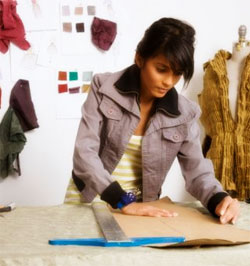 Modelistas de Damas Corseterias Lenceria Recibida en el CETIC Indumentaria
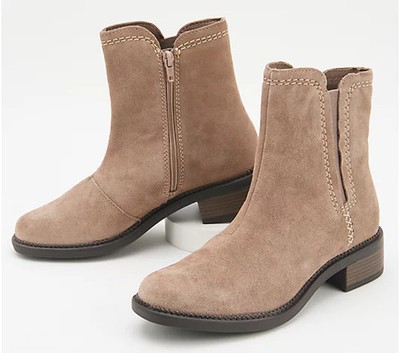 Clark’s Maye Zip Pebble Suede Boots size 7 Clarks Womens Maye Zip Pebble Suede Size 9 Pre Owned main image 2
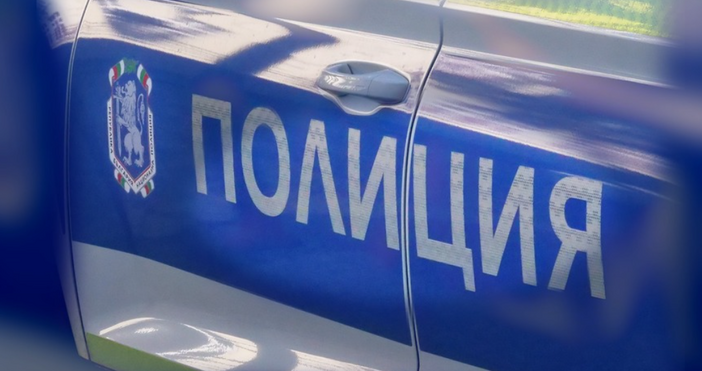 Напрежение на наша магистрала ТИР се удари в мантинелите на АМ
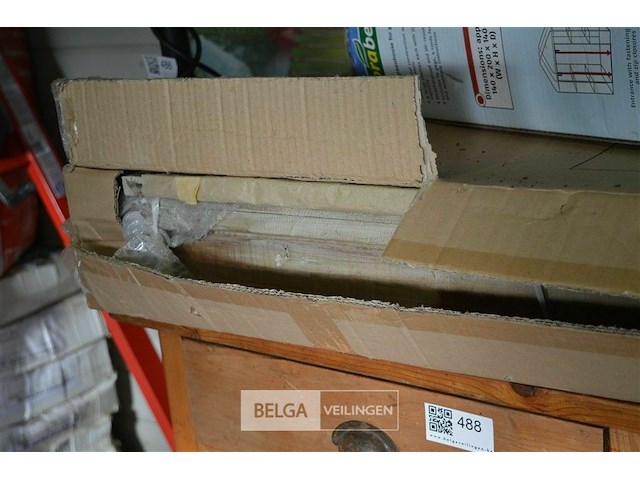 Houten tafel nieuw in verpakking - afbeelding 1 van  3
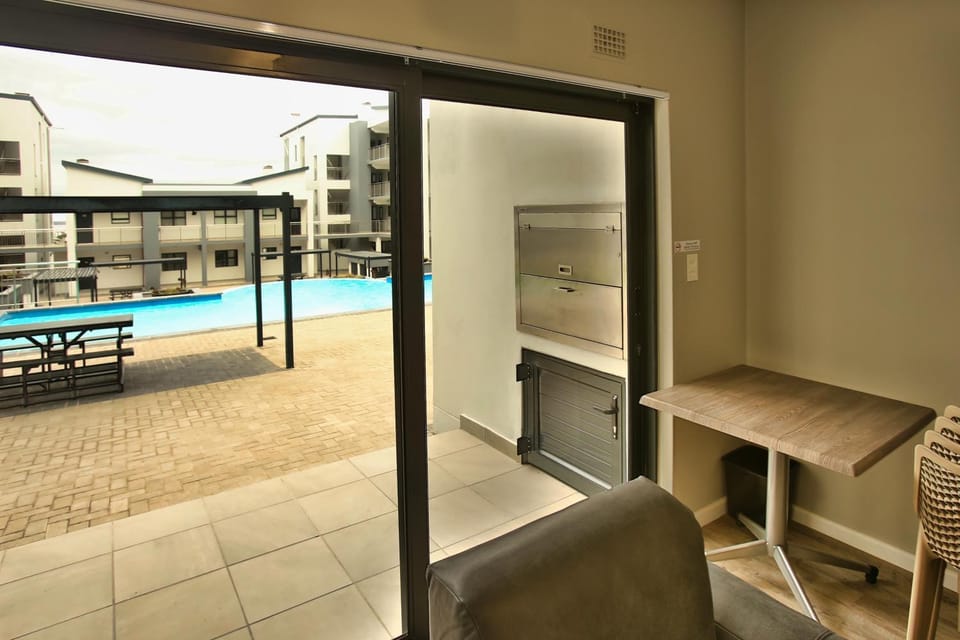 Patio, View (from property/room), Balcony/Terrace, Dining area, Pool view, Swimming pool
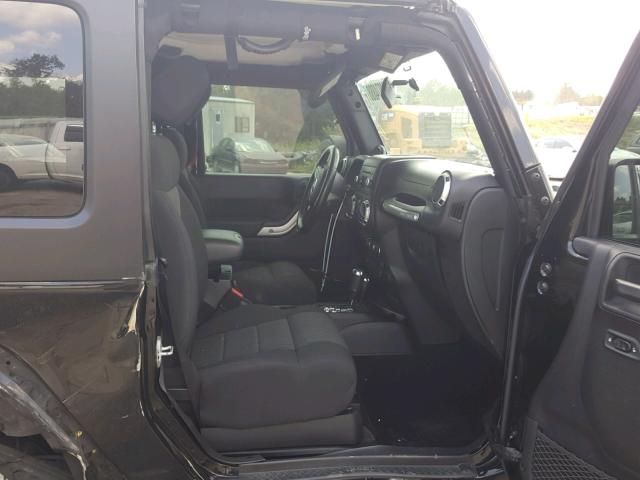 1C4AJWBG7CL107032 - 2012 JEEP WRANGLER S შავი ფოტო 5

┄┄┄┄┄┄┄┄┄┄┄┄┄┄┄┄┄┄┄┄

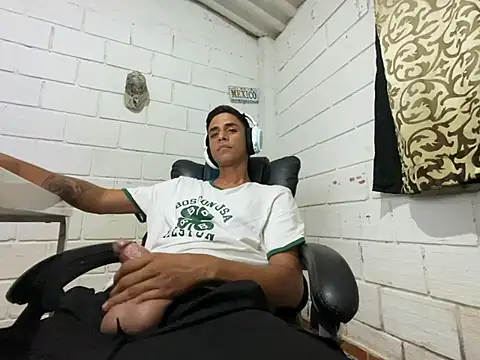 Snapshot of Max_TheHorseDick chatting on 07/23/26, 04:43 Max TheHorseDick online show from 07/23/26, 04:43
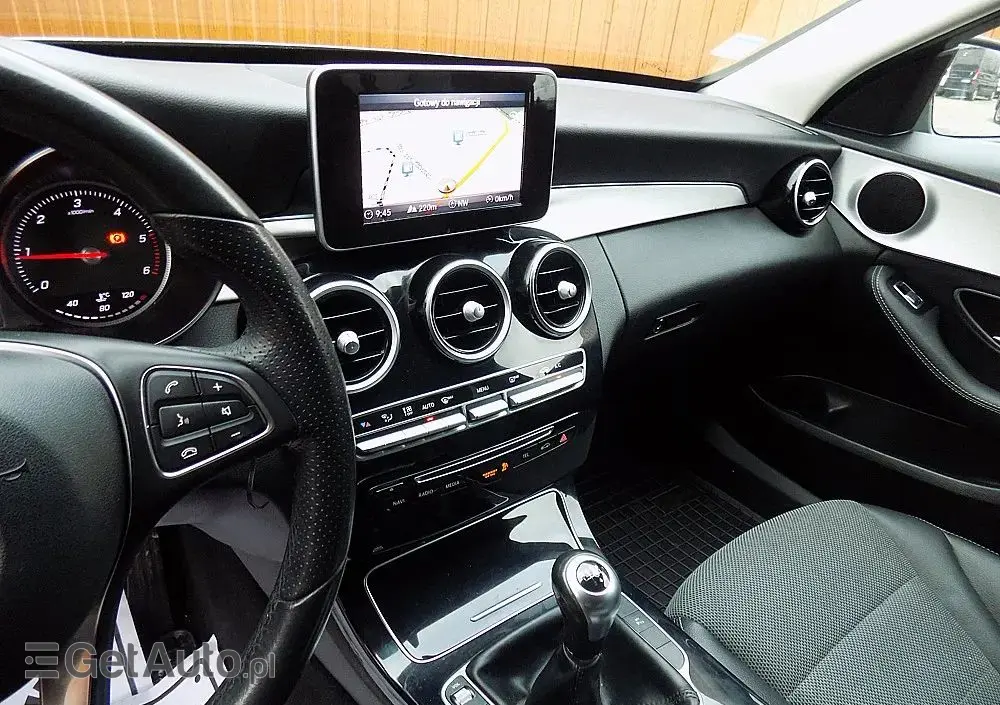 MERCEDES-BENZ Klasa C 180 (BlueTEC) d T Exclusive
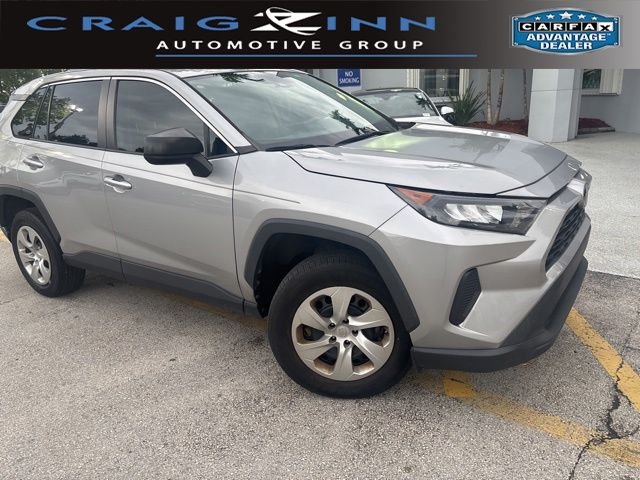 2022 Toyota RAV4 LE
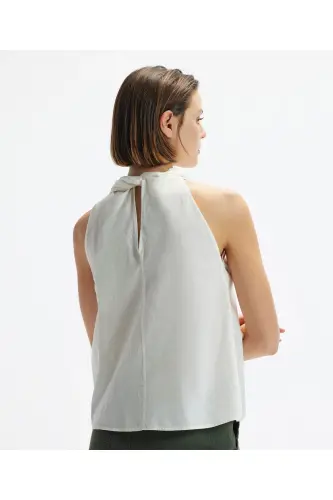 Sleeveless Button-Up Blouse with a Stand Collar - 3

┄┄┄┄┄┄┄┄┄┄┄┄┄┄┄┄┄┄┄┄

» Exercise objective: Among the lines above, the one with "Houten tafel nieuw" opens the part to repeat and the one with "1C4AJWBG7CL107032 - 2012" closes it; repeat only that part exactly, with no pictures.

» Result of this task:
 Houten tafel nieuw in verpakking - afbeelding 1 van  3
 Patio, View (from property/room), Balcony/Terrace, Dining area, Pool view, Swimming pool
 1C4AJWBG7CL107032 - 2012 JEEP WRANGLER S შავი ფოტო 5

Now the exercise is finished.